Interestingly, elements of this debate also occurred during the advent of the Industrial Age in the late 1800's. The reasons then to not embrace machinery were somewhat similar. Machines were thought to remove the human touch and craft component from furniture. Skills which had been passed down through generations of woodworkers would be lost. Victory was achieved with the advent of the Arts & Crafts movement, although this was short-lived. Eventually, the use of machinery in woodworking won the battle resulting in the further distancing of woodworkers from their traditional craft. Over 100 years of woodworking production advancements later and traditional woodworking is once again being embraced.
The reasons are similar to the repudiation of the Industrial Age with the only difference being that we are today on the cusp of full automation in production woodworking manufacturing.

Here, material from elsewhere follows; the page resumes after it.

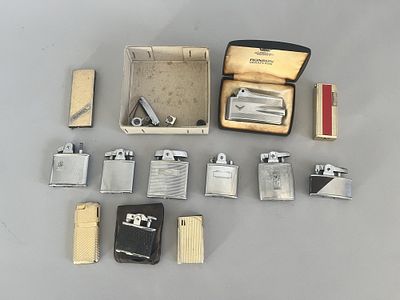 A collection of twelve vintage lighters, by Ronson. One is labeled "RONSON VARAFLAME." The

Developments to facilitate and expedite production are occurring at a faster pace than ever before. So, although it seems strange today to embrace traditional hand tool methods, it is more relevant in light of the possibility of forever losing a centuries old craft. Thumbs up to the many private schools dedicated to teaching traditional hand-oriented woodworking skills today. Traditional woodworking has effectively ceased to be taught in mainstream schools, fewer and fewer parents immerse themselves in woodworking to pass down to children. Some have mentioned the traditional craft of woodworking is on its death bed. Woodworking taught in schools today tends to focus on automation and heavy use of machinery. In the big picture, the resurgence of traditional woodworking methods using hand tools could not occur at a better time in history!

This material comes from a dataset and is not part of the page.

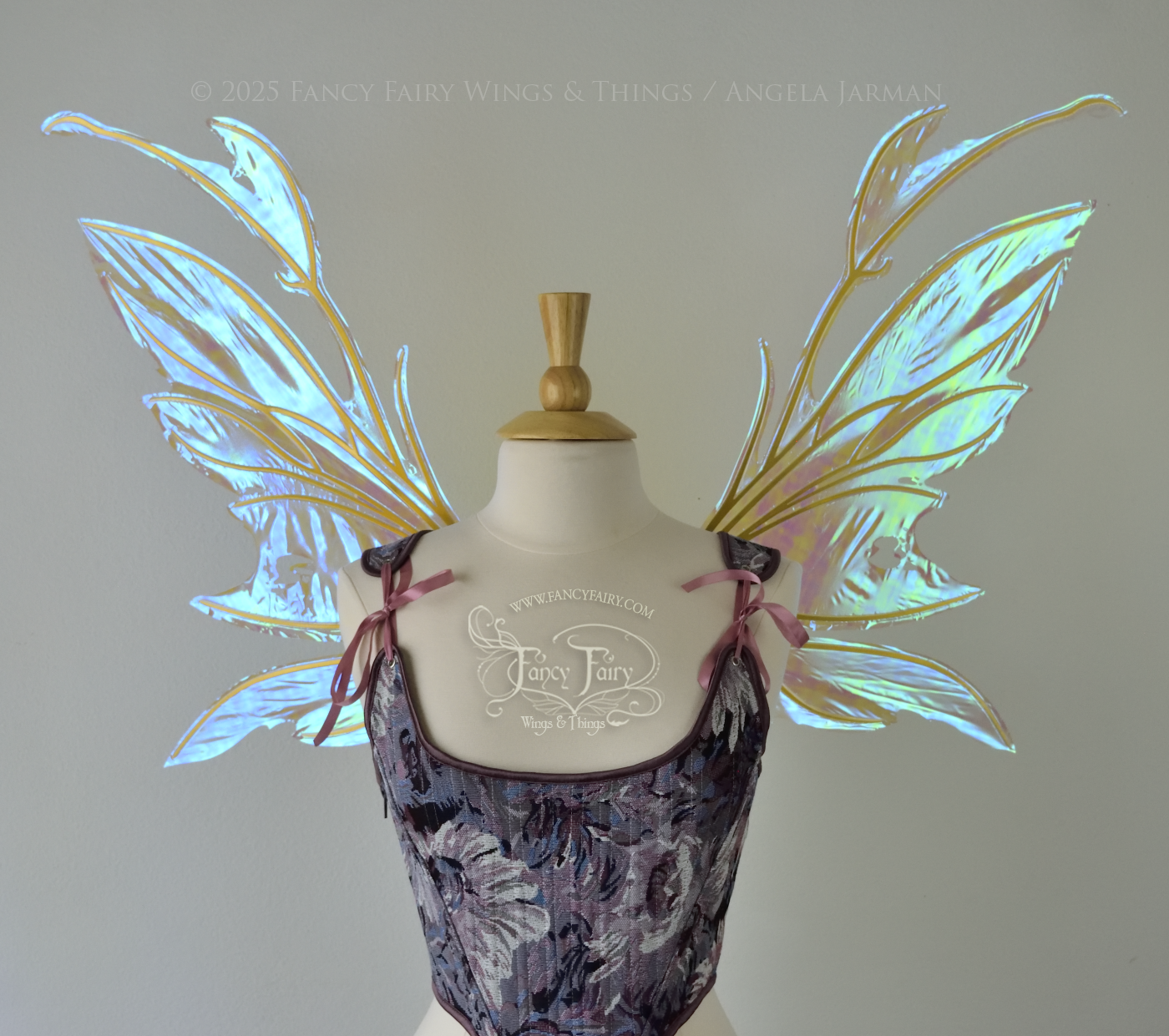 Transparent blue / green iridescent fairy wings with antennae and tattered holes with gold veins, worn on a dress form, front view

I must admit that it can be confusing for an entry level woodworker of which path to follow today. Is their work intended to be batched out or instead created as one-offs? The larger issue becomes the processes used to achieve this goal. The use of modern technology can be enticing, where visions of machines magically create components for furniture never ceases to amaze. Machinery manufacturers are constantly upgrading their offerings to where the learning curve for CNC is rapidly diminishing. This would be at the extreme end of full automation. At the traditional end, new and often improved releases of traditional hand tools continue to occur. High quality and precisely machined hand tools are widely available today. The single most common and necessary component in the traditional, hand tool equation is the necessity to manually push or pull a hand plane, saw or chisel in order to prepare wood, smooth wood or to create joinery. So a large component of manual labor is involved.

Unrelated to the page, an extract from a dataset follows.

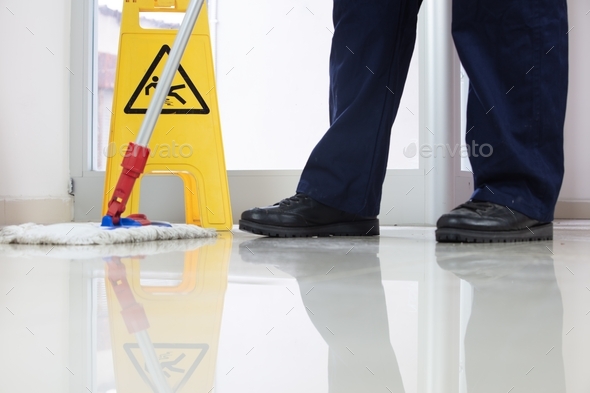 Man Cleaning Office With Mop Near Caution Wet Floor Sign Stock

A woodworker with many years of experience may have come to terms with the direction they wish to follow. In many cases, they embrace a quieter, less hurried form of woodworking. Their woodworking passion is better served in the enjoyment of creating a piece rather than simply achieving the end goal. Instead, somebody just starting out will perhaps wonder why today they should be performing manual tasks such as hand planing, hand sawing boards and creating joinery by hand. After all, isn't this why machinery was created, to facilitate the processing of boards used in furniture making? Hasn't the trend in industry always been to make our jobs easier and more productive? This is the dilemma facing many woodworkers today, specifically new woodworkers. I don't pretend to have a solution and can only form an opinion through many years of experience in both camps. As a former hi-tech person and convert to a quieter form of woodworking, I would much rather work with traditional, time-proven methods than to embrace the latest in machinery whose goal is to make my life easier. I too faced this dilemma and have been minimizing the use of machinery in my woodworking. In the process, I have since learned to appreciate wood as a medium and not just to use it as a means to an end. The machines I use today are effectively motorized hand tools, nothing sophisticated. This is where I draw the line.
In my studio practice, it is preferable for me to be closer to the wood and work with its characteristics and inherent beauty. Today, I use machines to prepare wood in the initial stages and perhaps to dimension it. Afterwards, all processes in my furniture making incorporate the use of hand tools. I will always seek a method to use a hand tool to perform a task before ever considering using a machine. So this is how I have come to terms with the question of maintaining traditional methods in my own work. I find this to be the best compromise in coping with an ever-increasing fast-paced, technological and production-oriented world.